Re: better page-level checksums

From: Stephen Frost <sfrost(at)snowman(dot)net>
To: Andrey Borodin <x4m(at)double(dot)cloud>
Cc: Matthias van de Meent <boekewurm+postgres(at)gmail(dot)com>, Robert Haas <robertmhaas(at)gmail(dot)com>, PostgreSQL Hackers <pgsql-hackers(at)lists(dot)postgresql(dot)org>
Subject: Re: better page-level checksums
Date: 2022-06-10 16:13:34
Message-ID: 20220610161333.GT9030@tamriel.snowman.net
Views: Raw Message | Whole Thread | Download mbox | Resend email
Thread:
Lists: pgsql-hackers

Greetings,

* Andrey Borodin (x4m(at)double(dot)cloud) wrote:
> On Fri, Jun 10, 2022 at 5:00 AM Matthias van de Meent <
> boekewurm+postgres(at)gmail(dot)com> wrote:
> > Can't we add some extra fork that stores this extra per-page
> > information, and contains this extra metadata
>
> +1 for this approach. I had observed some painful corruption cases where
> block storage simply returned stale version of a rage of blocks. This is
> only possible because checksum is stored on the page itself.
> A special fork for checksums would allow us to better detect failures in
> SSD firmawares, MMU SEUs etc, OS page cache, backup software and storage.
> It may seems that these kind of stuff never happen.
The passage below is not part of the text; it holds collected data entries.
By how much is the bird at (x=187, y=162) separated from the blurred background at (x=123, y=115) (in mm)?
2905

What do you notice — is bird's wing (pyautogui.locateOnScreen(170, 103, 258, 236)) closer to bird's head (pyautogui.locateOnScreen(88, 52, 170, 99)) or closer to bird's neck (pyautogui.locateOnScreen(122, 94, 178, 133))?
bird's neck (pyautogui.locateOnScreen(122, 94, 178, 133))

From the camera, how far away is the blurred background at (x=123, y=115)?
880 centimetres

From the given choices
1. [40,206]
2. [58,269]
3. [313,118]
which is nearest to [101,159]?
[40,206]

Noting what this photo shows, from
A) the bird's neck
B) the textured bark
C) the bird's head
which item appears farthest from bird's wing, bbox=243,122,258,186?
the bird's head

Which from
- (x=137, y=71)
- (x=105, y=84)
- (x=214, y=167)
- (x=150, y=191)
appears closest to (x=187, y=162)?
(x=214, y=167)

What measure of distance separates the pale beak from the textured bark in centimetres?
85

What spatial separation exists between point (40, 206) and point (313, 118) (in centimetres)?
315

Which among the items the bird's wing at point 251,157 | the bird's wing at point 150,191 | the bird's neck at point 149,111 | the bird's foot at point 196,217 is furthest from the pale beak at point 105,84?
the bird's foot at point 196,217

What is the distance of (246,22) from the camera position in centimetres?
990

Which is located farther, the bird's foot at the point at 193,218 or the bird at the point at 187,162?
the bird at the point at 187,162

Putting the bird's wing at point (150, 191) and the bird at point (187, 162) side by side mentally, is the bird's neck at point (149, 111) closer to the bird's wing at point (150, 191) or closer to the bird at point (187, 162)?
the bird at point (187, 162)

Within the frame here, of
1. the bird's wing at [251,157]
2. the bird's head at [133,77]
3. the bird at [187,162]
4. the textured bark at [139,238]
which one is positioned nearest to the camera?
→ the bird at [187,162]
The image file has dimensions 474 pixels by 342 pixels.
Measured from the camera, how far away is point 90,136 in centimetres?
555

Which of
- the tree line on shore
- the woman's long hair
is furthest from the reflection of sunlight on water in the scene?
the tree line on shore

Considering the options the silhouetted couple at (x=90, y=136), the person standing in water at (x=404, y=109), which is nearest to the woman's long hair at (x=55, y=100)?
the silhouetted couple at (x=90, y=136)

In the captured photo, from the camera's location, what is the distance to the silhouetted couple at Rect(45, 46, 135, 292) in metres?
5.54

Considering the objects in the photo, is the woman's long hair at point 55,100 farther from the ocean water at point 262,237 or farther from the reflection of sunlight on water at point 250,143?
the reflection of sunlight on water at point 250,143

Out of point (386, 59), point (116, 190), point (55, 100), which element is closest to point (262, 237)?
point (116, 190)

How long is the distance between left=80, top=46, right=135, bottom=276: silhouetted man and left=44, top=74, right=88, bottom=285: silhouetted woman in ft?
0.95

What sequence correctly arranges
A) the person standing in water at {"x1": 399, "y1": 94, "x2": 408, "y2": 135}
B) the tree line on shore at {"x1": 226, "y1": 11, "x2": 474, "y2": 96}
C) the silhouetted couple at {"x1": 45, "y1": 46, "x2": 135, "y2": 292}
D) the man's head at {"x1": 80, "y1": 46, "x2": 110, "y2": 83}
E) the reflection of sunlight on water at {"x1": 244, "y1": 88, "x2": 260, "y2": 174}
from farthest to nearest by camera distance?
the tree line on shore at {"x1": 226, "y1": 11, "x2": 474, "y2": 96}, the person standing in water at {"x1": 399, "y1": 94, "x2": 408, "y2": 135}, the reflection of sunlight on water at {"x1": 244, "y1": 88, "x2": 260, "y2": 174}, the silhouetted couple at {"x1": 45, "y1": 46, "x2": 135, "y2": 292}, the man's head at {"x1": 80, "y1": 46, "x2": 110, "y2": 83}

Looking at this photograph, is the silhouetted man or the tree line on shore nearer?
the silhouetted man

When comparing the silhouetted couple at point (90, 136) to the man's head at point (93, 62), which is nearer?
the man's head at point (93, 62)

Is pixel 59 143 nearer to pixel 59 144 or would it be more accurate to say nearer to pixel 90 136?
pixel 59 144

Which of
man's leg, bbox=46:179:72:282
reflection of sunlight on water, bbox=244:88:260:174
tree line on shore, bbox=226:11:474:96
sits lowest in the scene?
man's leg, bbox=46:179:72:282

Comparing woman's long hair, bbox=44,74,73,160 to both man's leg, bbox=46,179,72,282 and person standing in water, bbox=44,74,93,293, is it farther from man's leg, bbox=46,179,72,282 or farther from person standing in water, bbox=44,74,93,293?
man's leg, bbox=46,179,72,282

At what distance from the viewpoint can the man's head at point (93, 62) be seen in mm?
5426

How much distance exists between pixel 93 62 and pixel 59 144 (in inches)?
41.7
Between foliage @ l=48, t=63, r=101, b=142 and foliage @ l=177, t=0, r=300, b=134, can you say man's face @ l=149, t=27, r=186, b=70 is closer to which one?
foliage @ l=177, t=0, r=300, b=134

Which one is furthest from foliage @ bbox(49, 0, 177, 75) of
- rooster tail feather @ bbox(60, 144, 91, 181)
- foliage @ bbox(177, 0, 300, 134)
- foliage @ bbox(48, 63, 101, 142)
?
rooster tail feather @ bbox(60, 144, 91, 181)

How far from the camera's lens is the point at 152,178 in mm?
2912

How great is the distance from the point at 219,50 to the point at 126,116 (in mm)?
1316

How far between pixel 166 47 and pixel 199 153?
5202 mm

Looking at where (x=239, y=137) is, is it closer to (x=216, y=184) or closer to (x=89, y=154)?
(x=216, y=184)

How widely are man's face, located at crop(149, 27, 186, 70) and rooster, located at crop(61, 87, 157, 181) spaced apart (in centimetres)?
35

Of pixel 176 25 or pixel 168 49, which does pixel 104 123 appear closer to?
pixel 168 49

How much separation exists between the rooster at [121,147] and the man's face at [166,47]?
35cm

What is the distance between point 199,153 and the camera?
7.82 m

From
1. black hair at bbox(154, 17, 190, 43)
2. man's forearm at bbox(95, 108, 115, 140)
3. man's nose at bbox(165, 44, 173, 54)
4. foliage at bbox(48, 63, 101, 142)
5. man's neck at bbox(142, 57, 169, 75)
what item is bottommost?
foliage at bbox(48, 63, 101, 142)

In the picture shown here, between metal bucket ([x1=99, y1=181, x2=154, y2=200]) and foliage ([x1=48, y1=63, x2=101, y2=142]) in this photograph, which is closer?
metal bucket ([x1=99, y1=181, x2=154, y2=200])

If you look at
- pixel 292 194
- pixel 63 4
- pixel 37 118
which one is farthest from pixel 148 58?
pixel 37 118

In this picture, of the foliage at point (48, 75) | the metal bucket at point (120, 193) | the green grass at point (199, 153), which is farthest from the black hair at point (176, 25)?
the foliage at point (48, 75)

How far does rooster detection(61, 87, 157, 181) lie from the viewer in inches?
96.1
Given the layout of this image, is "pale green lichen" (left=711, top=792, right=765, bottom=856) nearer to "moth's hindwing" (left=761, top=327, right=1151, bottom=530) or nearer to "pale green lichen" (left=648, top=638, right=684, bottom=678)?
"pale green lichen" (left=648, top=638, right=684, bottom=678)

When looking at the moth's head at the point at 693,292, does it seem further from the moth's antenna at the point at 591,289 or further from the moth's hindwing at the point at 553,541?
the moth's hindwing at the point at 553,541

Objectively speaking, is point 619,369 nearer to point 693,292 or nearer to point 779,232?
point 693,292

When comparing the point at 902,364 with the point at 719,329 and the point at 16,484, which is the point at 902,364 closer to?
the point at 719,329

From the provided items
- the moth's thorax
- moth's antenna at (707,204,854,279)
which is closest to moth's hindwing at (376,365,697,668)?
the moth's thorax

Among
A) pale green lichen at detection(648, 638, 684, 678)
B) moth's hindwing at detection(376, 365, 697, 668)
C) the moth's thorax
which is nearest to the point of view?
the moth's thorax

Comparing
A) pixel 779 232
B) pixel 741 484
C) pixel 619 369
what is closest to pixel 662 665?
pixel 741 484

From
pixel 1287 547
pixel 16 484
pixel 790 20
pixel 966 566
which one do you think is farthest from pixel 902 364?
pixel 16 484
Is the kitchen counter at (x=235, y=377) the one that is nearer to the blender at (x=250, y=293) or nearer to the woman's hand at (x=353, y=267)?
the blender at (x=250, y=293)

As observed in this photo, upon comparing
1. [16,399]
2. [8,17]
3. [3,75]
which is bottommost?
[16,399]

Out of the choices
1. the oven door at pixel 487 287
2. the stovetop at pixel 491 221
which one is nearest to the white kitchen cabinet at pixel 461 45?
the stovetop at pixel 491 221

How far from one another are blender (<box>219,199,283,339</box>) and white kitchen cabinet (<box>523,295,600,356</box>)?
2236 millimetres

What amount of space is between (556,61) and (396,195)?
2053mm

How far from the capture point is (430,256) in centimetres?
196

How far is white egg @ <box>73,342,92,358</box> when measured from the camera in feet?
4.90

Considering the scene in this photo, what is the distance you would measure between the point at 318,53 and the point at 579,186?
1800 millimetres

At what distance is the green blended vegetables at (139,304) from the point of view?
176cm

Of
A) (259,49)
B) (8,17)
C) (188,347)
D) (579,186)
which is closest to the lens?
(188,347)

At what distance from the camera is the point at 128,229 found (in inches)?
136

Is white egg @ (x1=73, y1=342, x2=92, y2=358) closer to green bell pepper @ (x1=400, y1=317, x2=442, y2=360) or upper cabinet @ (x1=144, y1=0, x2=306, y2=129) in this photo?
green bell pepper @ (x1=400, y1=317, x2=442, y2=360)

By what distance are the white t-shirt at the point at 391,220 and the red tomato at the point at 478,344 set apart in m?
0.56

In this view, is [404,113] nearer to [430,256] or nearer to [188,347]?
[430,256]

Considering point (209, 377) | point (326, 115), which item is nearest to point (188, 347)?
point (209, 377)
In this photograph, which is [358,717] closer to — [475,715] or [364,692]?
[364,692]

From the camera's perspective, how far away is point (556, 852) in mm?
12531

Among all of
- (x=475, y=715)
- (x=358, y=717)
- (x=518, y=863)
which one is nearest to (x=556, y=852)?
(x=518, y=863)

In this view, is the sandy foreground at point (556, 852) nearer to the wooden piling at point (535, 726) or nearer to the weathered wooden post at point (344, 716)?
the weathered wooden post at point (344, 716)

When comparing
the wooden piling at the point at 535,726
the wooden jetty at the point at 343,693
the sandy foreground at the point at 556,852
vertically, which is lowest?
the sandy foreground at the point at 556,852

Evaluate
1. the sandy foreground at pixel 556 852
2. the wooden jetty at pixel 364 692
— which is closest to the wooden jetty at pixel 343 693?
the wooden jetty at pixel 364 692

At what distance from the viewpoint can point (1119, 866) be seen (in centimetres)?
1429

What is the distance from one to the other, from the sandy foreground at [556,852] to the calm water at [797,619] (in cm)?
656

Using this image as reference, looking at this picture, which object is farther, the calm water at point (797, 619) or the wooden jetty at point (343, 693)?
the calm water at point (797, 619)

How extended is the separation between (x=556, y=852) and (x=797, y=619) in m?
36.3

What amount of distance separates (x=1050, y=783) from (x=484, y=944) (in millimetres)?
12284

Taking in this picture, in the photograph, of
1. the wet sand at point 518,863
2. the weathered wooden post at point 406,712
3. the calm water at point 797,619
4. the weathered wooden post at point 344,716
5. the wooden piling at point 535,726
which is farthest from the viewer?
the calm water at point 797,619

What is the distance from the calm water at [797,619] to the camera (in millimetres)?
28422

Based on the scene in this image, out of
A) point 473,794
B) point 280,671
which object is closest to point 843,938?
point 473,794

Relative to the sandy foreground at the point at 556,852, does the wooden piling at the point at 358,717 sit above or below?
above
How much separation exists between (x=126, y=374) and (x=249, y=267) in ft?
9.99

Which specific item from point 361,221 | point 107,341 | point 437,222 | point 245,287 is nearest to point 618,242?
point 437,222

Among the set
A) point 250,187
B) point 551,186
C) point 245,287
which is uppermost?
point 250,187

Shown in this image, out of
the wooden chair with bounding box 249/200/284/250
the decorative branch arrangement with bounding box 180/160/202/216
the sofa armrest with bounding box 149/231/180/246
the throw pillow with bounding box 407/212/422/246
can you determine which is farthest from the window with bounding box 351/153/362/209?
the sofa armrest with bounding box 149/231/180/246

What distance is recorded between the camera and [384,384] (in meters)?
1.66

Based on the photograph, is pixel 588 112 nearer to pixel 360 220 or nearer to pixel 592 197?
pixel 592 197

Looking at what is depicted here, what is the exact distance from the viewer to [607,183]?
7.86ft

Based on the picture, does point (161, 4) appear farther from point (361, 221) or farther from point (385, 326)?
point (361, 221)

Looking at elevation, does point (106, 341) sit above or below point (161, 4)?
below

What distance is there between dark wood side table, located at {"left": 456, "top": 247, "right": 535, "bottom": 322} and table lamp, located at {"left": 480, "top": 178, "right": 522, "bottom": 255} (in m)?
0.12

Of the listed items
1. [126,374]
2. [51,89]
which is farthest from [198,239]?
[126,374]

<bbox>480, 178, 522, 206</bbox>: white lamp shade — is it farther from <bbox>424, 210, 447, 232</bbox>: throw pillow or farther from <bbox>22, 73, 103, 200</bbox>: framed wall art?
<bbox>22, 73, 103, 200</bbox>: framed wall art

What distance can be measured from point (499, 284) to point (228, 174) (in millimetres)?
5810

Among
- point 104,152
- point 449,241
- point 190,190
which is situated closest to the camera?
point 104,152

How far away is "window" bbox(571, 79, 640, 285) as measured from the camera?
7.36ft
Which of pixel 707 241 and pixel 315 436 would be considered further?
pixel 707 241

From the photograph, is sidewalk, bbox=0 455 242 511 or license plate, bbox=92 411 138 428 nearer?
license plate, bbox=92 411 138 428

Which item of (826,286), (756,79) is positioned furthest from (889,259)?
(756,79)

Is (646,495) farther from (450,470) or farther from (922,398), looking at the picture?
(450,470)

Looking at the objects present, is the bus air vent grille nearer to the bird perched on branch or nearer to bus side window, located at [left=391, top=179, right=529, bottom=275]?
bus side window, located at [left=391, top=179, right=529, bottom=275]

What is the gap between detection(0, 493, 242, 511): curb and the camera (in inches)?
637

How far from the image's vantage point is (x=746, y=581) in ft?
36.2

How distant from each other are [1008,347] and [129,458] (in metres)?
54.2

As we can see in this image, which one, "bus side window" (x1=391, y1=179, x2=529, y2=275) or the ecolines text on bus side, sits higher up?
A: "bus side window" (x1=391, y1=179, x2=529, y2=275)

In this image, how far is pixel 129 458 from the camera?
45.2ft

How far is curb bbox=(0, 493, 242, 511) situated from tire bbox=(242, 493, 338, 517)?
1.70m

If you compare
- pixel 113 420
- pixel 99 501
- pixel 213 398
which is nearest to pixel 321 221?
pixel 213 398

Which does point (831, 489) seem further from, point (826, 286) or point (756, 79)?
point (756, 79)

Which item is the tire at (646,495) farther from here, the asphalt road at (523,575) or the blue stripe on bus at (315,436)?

But probability of such
> failure is drastically bigger than probability of hardware failure being
> undetected due to CRC16 collision.

This is another possible approach, sure, but it has its own downsides:
clearly more IO ends up being involved and then you also have to deal
with the fact that the fork's page would certainly end up covering a lot
of the pages in the main relation, not to mention the question of what
to do when we want to get checksums *on forks*, which we surely will
want to have...

> Also I'm skeptical about correcting detected errors with the information
> from checksum. This approach requires very very large checksum. It's much
> easier to obtain fresh block copy from HA standby.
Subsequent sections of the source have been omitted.